By Vivid Gwede
Professor Ngugi wa Thiong’o is no more.
He passed on in Atlanta, Georgia, United States of America, on Wednesday, 28 May 2025.
Ngugi is not only a hero of African literature – but a hero of African thought and identity who inspired many through his writings.
His writings advanced African justice and societal transformation.
His writings also grappled with the central question of what it meant to be a writer – an African writer or precisely a writer in Africa.
This question was part of the broader questions of identity facing societies that had gained independence.
His answer was a decolonisation of the mind symbolised by writing in his Gikuyu language.
He theorised the importance of language in “Decolonising the Mind.”
The act of writing in his mother language became a key message beyond the plots and characters of his works.
This question of what it meant to be a writer in independent Africa besides Ngugi concerned other writers.
Zimbabwe’s Dambudzo Marechera questioned the idea of writing “for a specific nation or race.”
This revealed the tension between embracing one’s identity and not being limited by it.
On the specific question of the language, Marechera seemed to agree with Ngugi, “….I took to the English language like a duck takes to water.
I was a keen accomplice and student in my own mental colonization.”
Thus African writers thought deeply about the language they used and how they represented themselves and their societies.
This brought about the tension that African writers or writers in Africa faced among themselves and between reflecting their belonging to their nations in their writings or writing for a global audience.

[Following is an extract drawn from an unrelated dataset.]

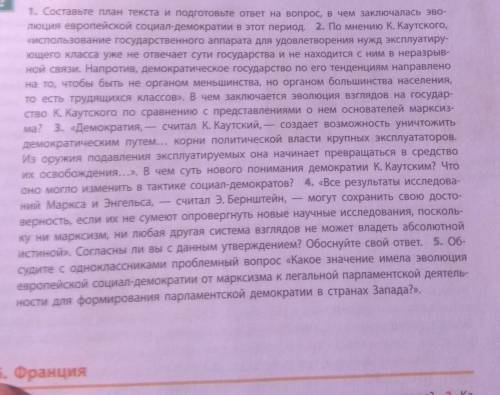 2. По мнению К. Каутского, «Использование государственного аппарата для удовлетворения нужд эксплуат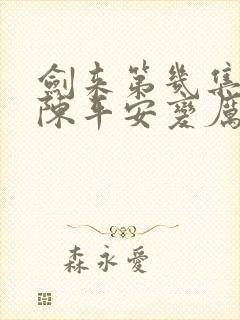 剑来第几集开始陈平安变厉害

These are the questions Ngugi was grappling with.
His answer was decolonising the mind and the language by prioritising African identity and belonging while engaging with the universal questions of the human condition that most novelists tackled.

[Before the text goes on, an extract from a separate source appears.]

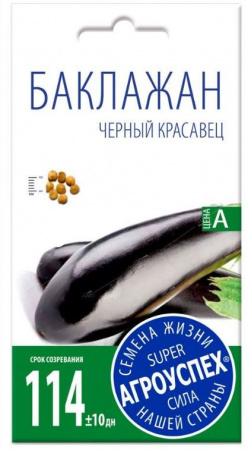 А/ Баклажан (Черный Красавец) 0,3г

Writing in his language, Gikuyu, might have not felt constraining for Ngugi after he decided not to write in English in 1977 because he thought the novel was universal.

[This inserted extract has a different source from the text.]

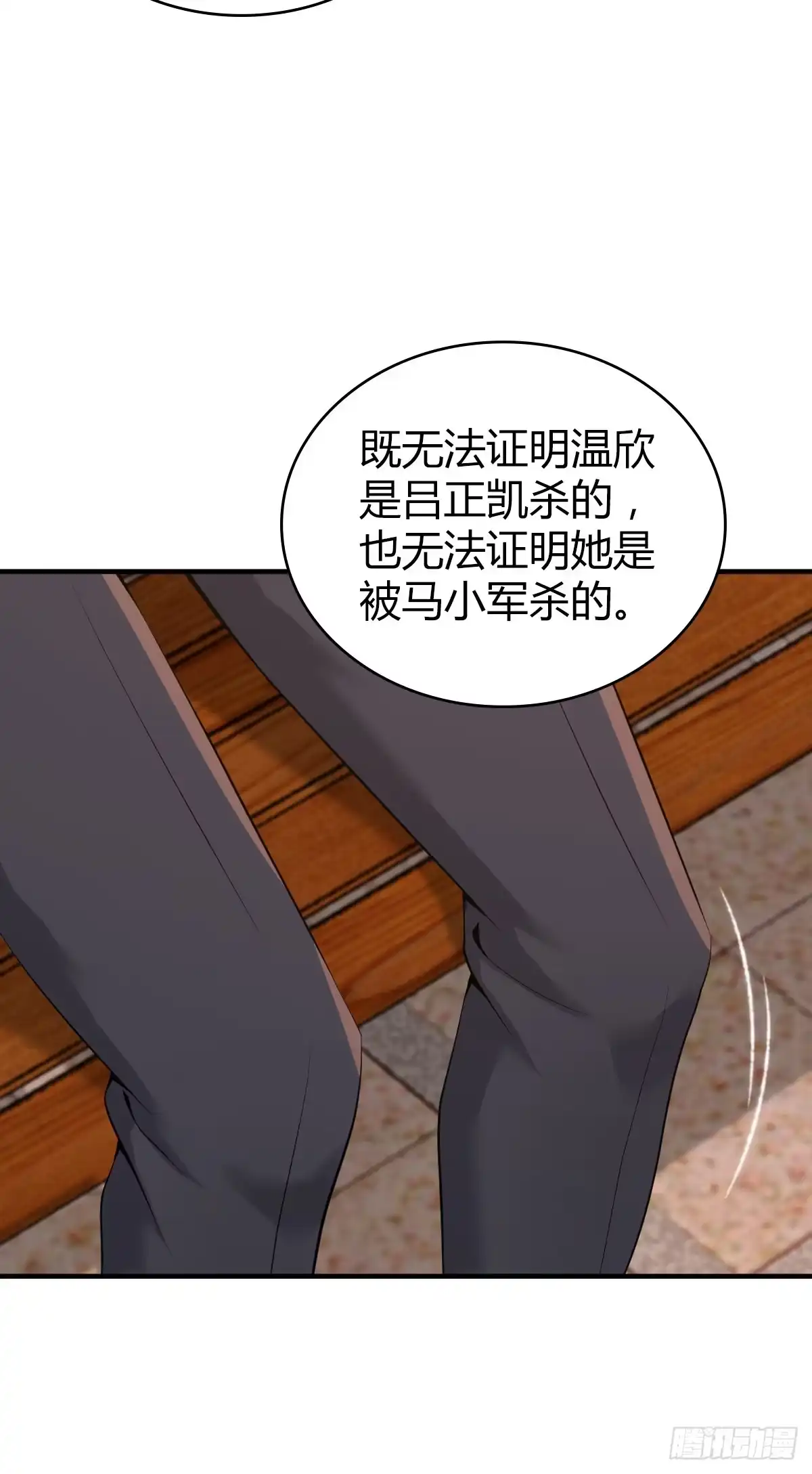无罪谋杀 人体积木33 第19页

He reasoned: “What’s good about writing is that when you write novels or fiction, people can see that problems in one region are similar to problems in another region.”
His Gikuyu works like “A Grain of Wheat” were translated into many languages, including the Shona “Tsanga Yembeu” by Charles Mungoshi, showing its universal “language.”
It was partly a victory for Ngugi though it remained a controversial step for some readers.
In a sense, Ngugi was a key contributor to the new generation of decolonisation thought after independence.
He contributed to a historical chain of decolonisation thinkers including W. E. B Dubois, Marcus Garvey, Frantz Fanon, and Achille Mbembe.
Decolonisation thought has increasingly gained importance in both the global academy and development spaces.
Ngugi’s main contribution was in pointing to the potentially limiting role and symbolism of language in the process of decolonisation.
He was not the only one who paid attention to language as political leaders and thinkers like Tanzania’s former president Julius Nyerere, leveraged language in African unity.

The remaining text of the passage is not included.